In Q1 2018, GEM equities were the second most popular strategy out of 22 asset classes for fund selectors to purchase over the next 12 months, however, in Q2 GEM equities dropped to 11th out of 26 asset classes.

Over the 12 months to June 2019, just 26% of fund selectors are looking to buy GEM equities; 52% want to hold; 10% to decrease (10% of respondents did not use the asset class).

The MSCI Emerging Market index has been on a downward trajectory since the global market sell-off in January 2018.

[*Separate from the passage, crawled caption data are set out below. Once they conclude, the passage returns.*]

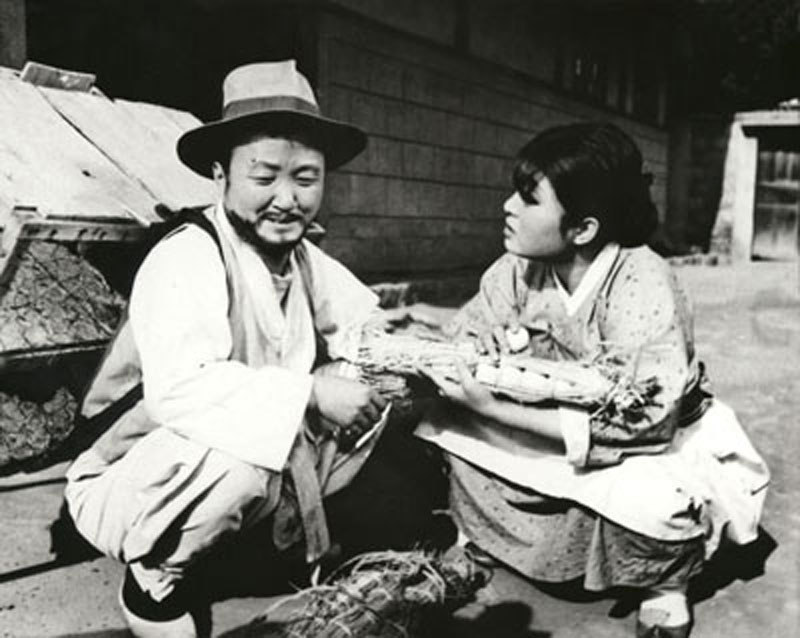  <사랑방 손님과 어머니>(신상옥, 1961)의 한장면.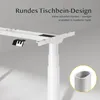Bureau réglable en hauteur FLEXISPOT CylineX Pro, Voir les images du produit 4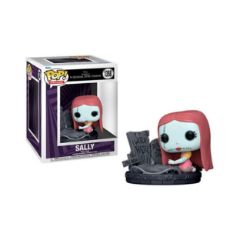 Picture of Funko Pop! Deluxe Disney: The Nightmare Before Christmas 30th - Sally (with Gravestone) #1358 Vinyl Figure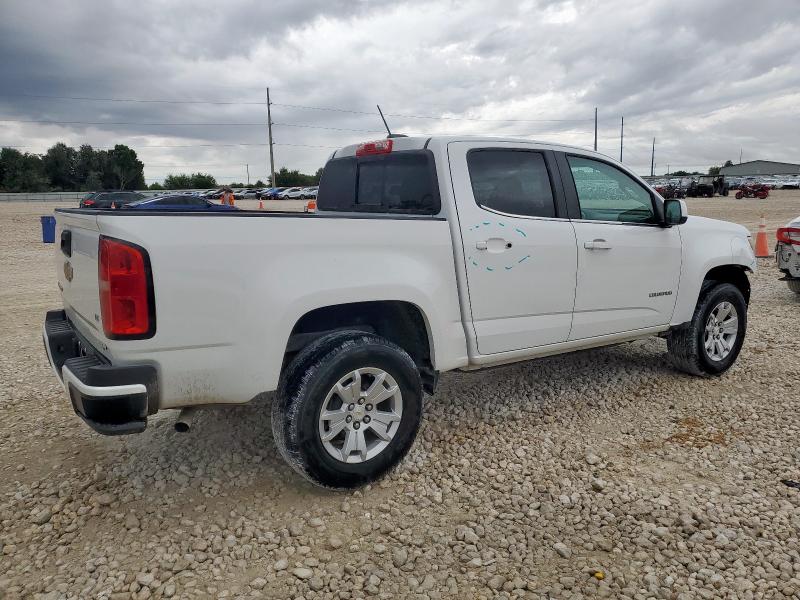 1GCGSCEA7G1350483 - 2016 CHEVROLET COLORADO LT WHITE photo 3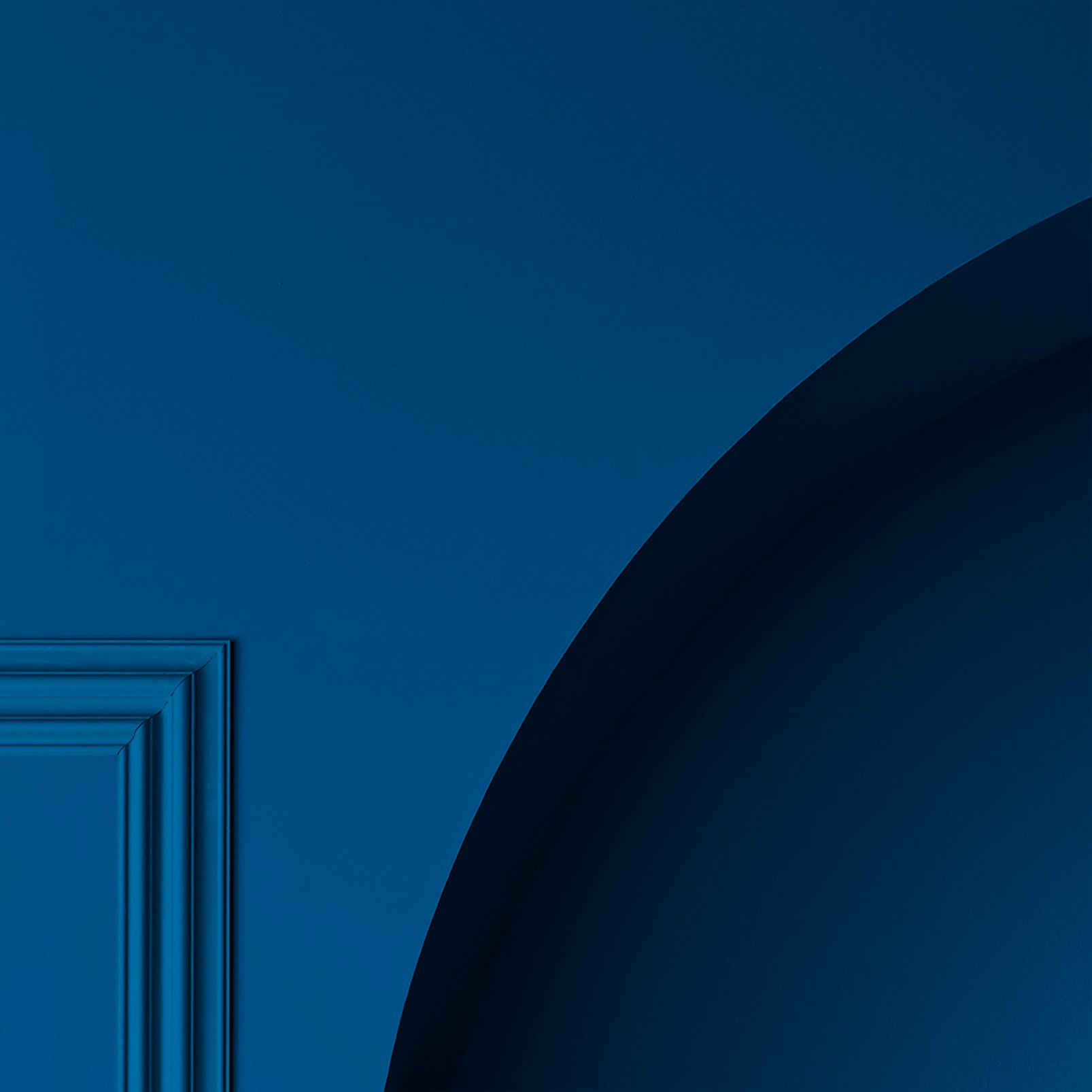 Kasbah Blue Paint close up image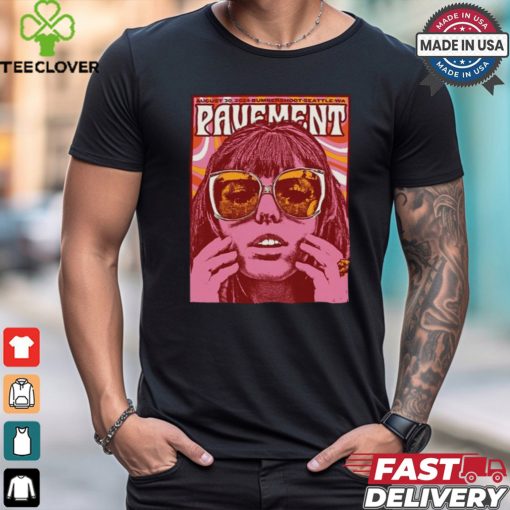 Pavement August 30 2024 Bumbershoot In Seattle WA Poster shirt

MSCI Emerging Market index year to 23 July 2018

Source: FT

This sentiment has been mirrored by the latest Thomson Reuter Lipper European fund flows report that found that GEM equity funds suffered the highest net outflows apart from money market funds in June at €3.4bn (£3bn), followed by global USD hedged bonds at €2.7bn, European equities at €2bn, global high yield bonds at €1.4bn, and absolute return medium EUR at €1.8bn.

Source: Thomson Reuters Lipper

Outflows for European funds

The report noted that June 2018 was the second month with net outflows of €38.3bn from long term mutual funds after 16 consecutive months of net inflows.

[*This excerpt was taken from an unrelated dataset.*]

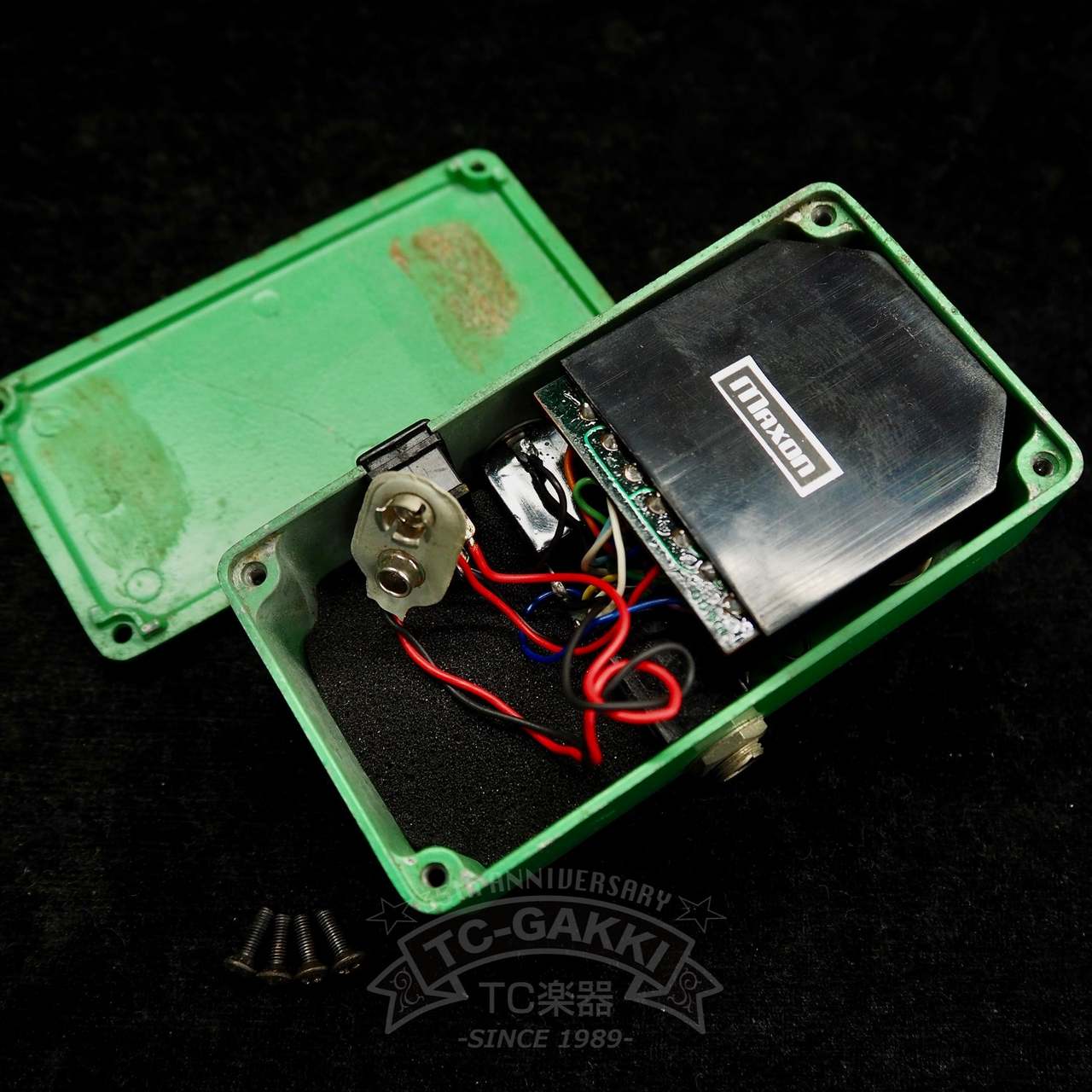 Maxon OD-808 OVERDRIVE (Narrow Case)（ビンテージ）【楽器検索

“European investors pulled back further from long-term mutual funds as the market environment and general sentiment turned negative,” the report said.

“That said, European fund promoters still enjoyed net inflows into mixed-asset funds (€3.4 bn), followed by real estate funds (€1.1 bn) and commodity funds (€0.2 bn).”

Source: Thomson Reuters Lipper

US sentiment jumps

According to the Lipper report, the top sector in terms of inflows was US equities (€2.3bn), again mirroring Last Word Research’s latest data that found that US equity sentiment jumped into low neutral territory after being in negative territory since Donald Trump won the presidential election in November 2016.

Mixed-asset USD balanced funds followed at €1.5bn, then mixed-asset GBP balanced at €1.4bn, alternative market neutral equities at €1.4bn, and global equities at €1.3bn.